A elaboração de um material para acessar e avaliar o pensamento contrafactual em adultos se faz necessária na medida em que este tipo de cognição parece estar associado a outros processos cognitivos tais como a resolução de problemas (Epstude & Roese, 2008), a tomada de decisão e a performance criativa (Wong, Galinsky & Kray, 2009), bem como a capacidade de enfrentamento (coping), adaptabilidade e o funcionamento social dos indivíduos. O conhecimento sobre esse tipo de pensamento pode auxiliar, inclusive, no entendimento da cognição de grupos específicos, tais como, casos de saúde mental (depressivos, ansiosos, esquizofrênicos) e mulheres vitimizadas, ou pessoas que passaram por diferentes experiências traumáticas em suas vidas, com o intuito de verificar a atuação desse tipo de cognição e a influência de experiências específicas na elaboração e ativação das cognições sobre eventos passados. Além disso, observou-se que devido à escassez de estudos sobre o tema dentro do contexto brasileiro, fazia-se necessária a elaboração de uma técnica destinada a facilitar o acesso aos pensamentos contrafactuais e também a avaliar quais tipos de PCs são mais frequentemente emitidos no nosso contexto.

Desta forma, o presente estudo tem o objetivo de elaborar uma técnica para acessar os pensamentos contrafactuais de adultos, bem como analisar a concordância de especialistas em relação às alternativas de modificação da realidade, incluídas em tal técnica.

 

2 Método

2.1 Participantes

A amostra de juízes especialistas foi constituída por cinco estudantes de pós- graduação em Psicologia, sendo quatro de mestrado e um de doutorado, todos de uma universidade pública do interior do estado de São Paulo.

2.2 Materiais

A capacitação de juízes foi realizada em uma sala anexa ao Departamento de Psicologia de uma universidade pública do interior do estado de São Paulo, a qual dispunha de equipamento de mídia com projetor.

2.3 Instrumentos

Foi utilizada uma Carta ao Juiz, para explicar como seria feita a avaliação do material; um conto seguido por quatro alternativas de modificação, retirado do estudo de Justino e Schelini (2010), que foi utilizado como exercício de treino de avaliação; e o material elaborado para o acesso do pensamento contrafactual. Este material foi constituído por (1) um quadro que sumarizava os principais aspectos modificáveis da realidade, descritos em 2005 por Byrne (ação/inação, obrigação, tempo, evento não-usual), com a definição dos mesmos e um exemplo de cada um e (2) cinco histórias seguidas de quatro alternativas de modificação. Cada alternativa representava um aspecto modificável da realidade, citado por Byrne (2005).

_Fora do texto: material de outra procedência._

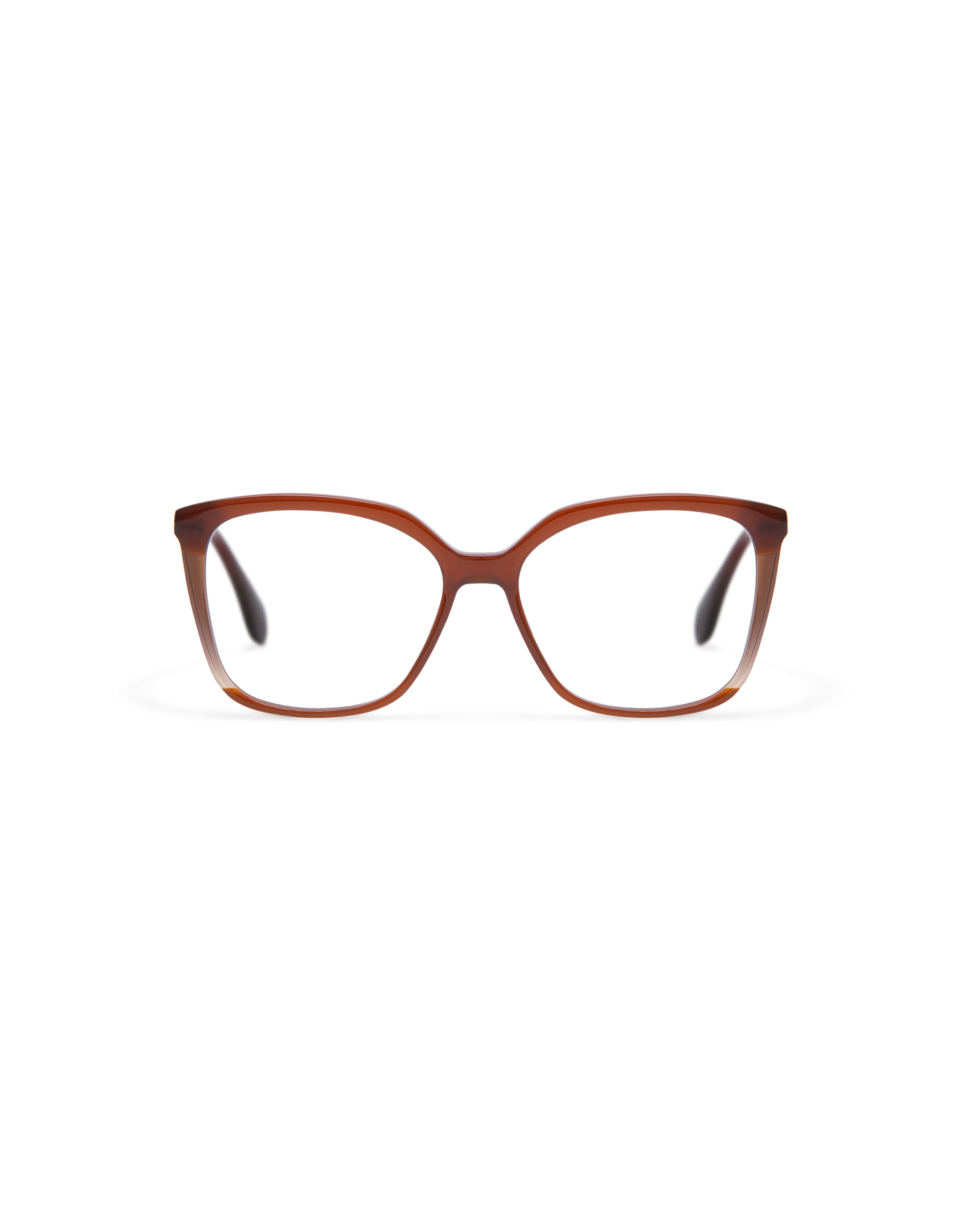 LIS: Cat Eye Acetato Marrón optical glasses by GIGI STUDIOS 13815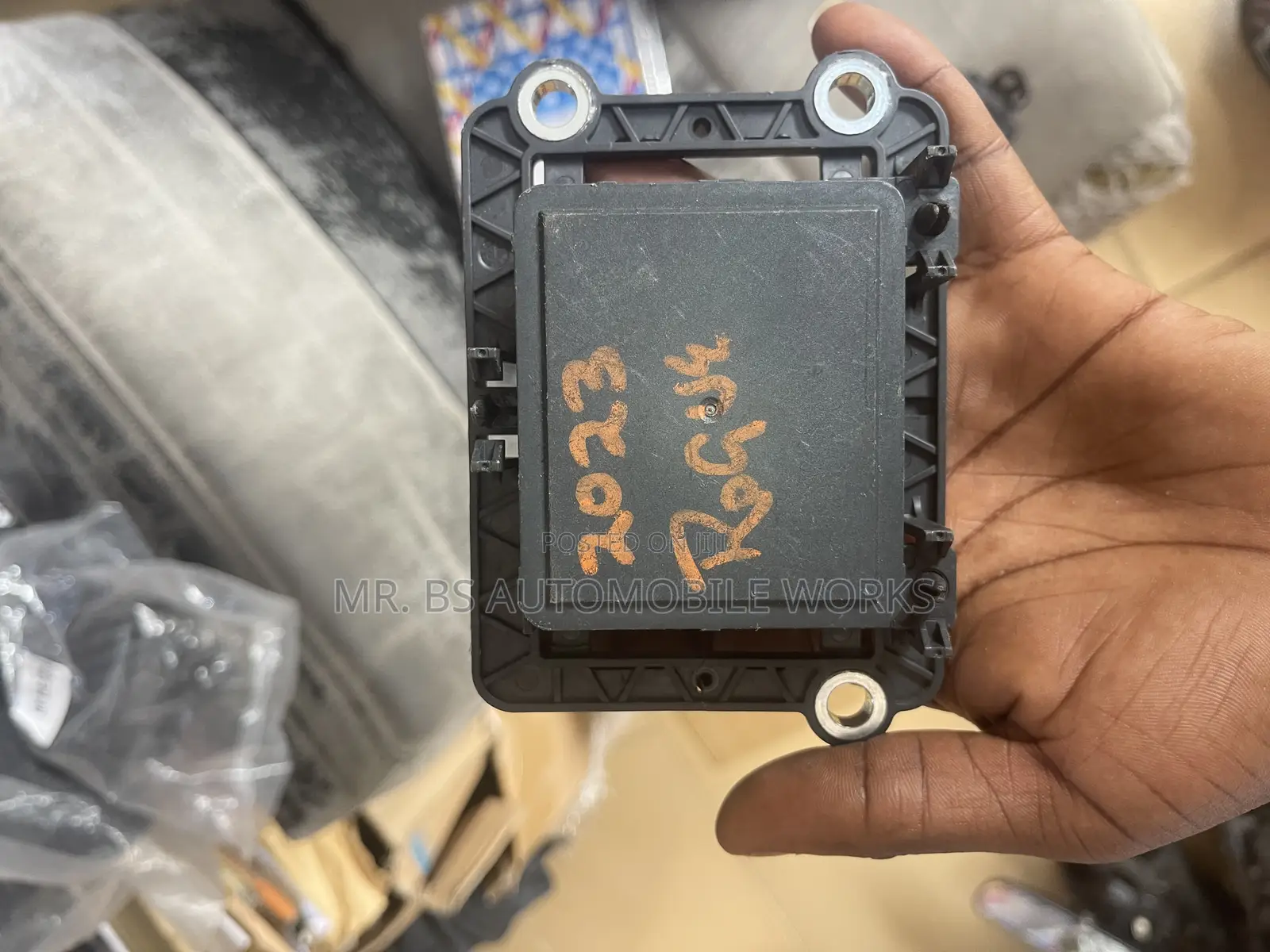 Nissan Rogue & Pathfinder Front Radar Sensor (Acc) 2022 To 2025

Para a elaboração do material de avaliação do pensamento contrafactual em adultos, optou-se pelo uso de notícias adaptadas de jornais e revistas e cenários hipotéticos adaptados da literatura (McCloy & Byrne, 2000; Juhos et al., 2003), por se considerar que os enredos narrados se aproximariam mais aos fatos que acontecem na realidade dos participantes e a riqueza de detalhes das narrativas poderiam permitir algumas possibilidades de modificação.

Na Figura 1, é apresentada, como exemplo, a primeira história (A Tentação, adaptada do estudo de Juhos et al., 2003) com suas respectivas questões abertas e alternativas de modificação da realidade. Vale lembrar que para as demais histórias, o que variou foram apenas as alternativas de modificação da realidade, já que estas se referiam aos conteúdos de cada enredo.

Para compor a primeira versão do material, buscou-se notícias de jornais e revistas que fossem contadas de maneira linear e que tivessem descrição rica dos fatos ocorridos, bem como as consequências dos eventos descritos. Após a seleção das notícias, foram elaboradas perguntas abertas que levassem o participante a pensar sobre o conteúdo lido e sobre possíveis modificações na história. Adicionalmente, foram formuladas quatro alternativas de modificação referentes aos acontecimentos de cada enredo. A primeira pergunta aberta se referia a pensamentos livres a respeito das histórias e visava verificar se o participante formularia, espontaneamente, pensamentos contrafactuais a partir do que havia lido. Assim, formulou-se a pergunta: "Enquanto você lia a história, ocorreu algum pensamento sobre o que estava lendo? Qual?".

Em seguida, o questionário direcionava o participante a pensar sobre o que poderia ser diferente na história, por meio da pergunta: "Imagine se essa situação acontecesse com você. As pessoas, após passarem por situações como essas, têm, frequentemente, pensamentos sobre como as coisas poderiam ter acontecido de outra maneira. Se você passasse pela mesma situação, será que pensaria em alguma coisa diferente em relação ao que aconteceu? Pense o que poderia ser diferente. Se você pudesse mudar alguma coisa nessa situação, o que mudaria?" Por fim, o participante deveria escolher uma alternativa de modificação, mesmo que espontaneamente não tenha pensado em alguma alternativa. Havia a opção também de não escolher nenhuma das alternativas apresentadas, caso o participante julgasse que aquelas apresentadas não condiziam com o que ele estava pensando.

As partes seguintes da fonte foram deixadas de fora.